§ REQUIRED ACTION:
Among the records below, find the line with "tan leather hiking boots" and the line with "Image of Real". Set down both and every line between, exactly and with no pictures, but nothing else.

§ DATA FOR THE TASK:
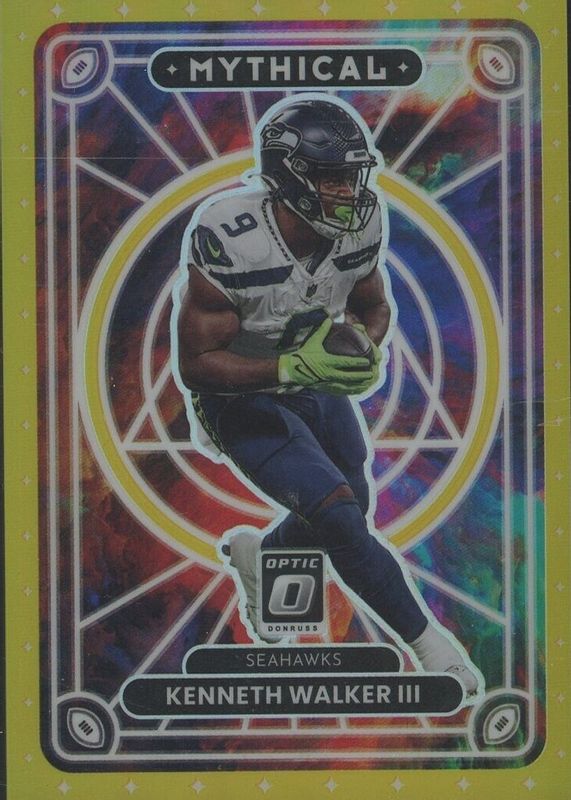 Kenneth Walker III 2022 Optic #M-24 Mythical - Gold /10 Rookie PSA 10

---

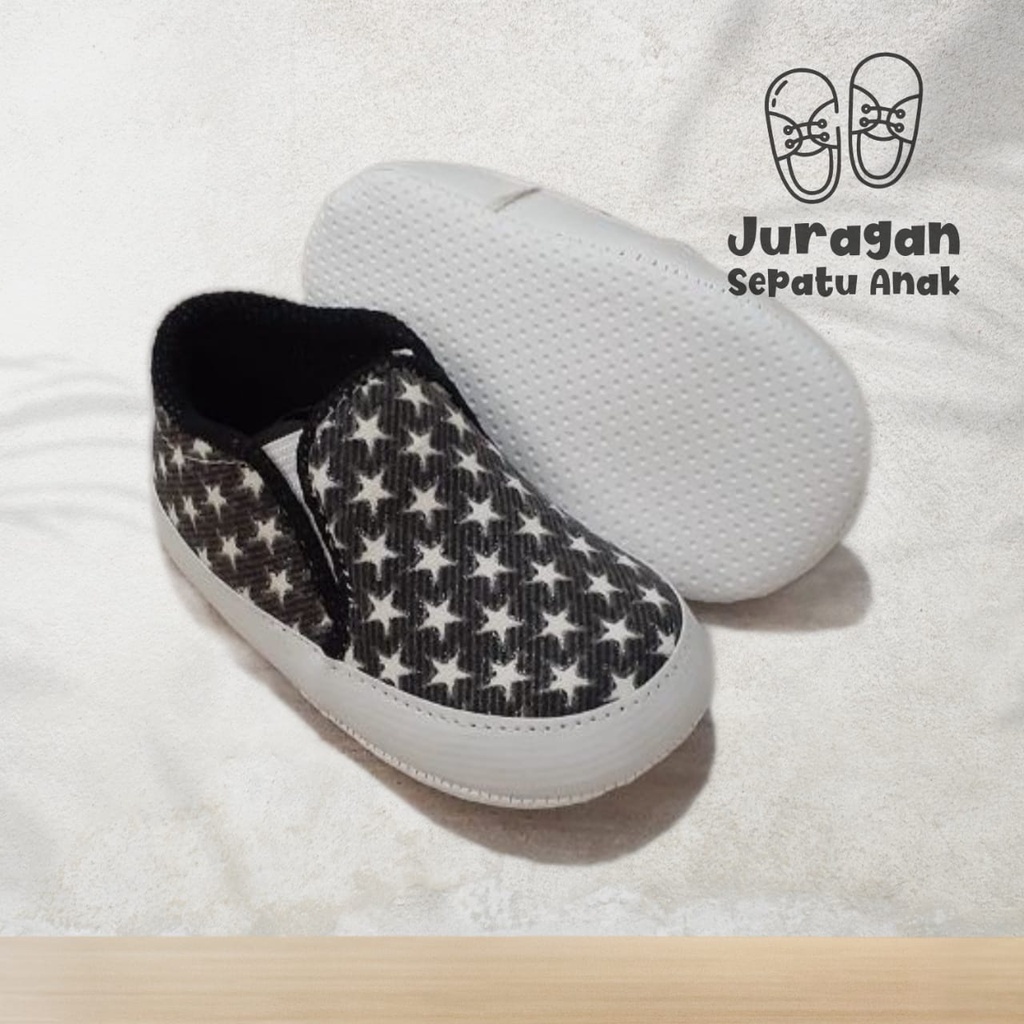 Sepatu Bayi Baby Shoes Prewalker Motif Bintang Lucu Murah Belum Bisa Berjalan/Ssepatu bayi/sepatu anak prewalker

* * *

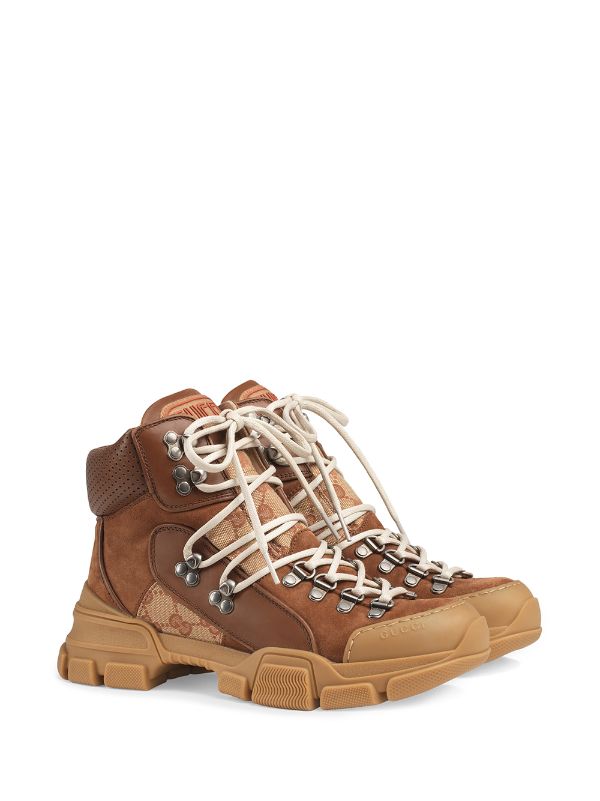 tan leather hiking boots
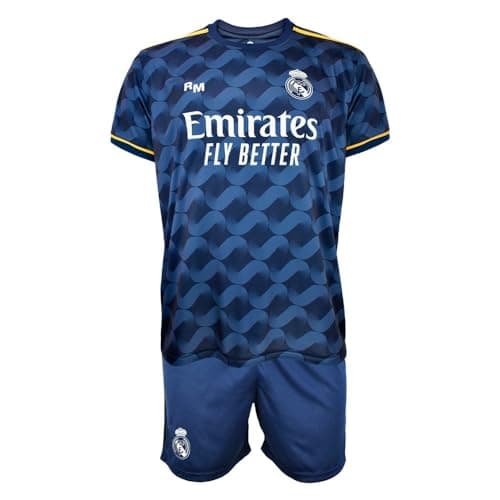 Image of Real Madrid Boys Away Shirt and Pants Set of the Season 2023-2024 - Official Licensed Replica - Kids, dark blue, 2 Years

§ RESULT BELOW:
 tan leather hiking boots
 Image of Real Madrid Boys Away Shirt and Pants Set of the Season 2023-2024 - Official Licensed Replica - Kids, dark blue, 2 Years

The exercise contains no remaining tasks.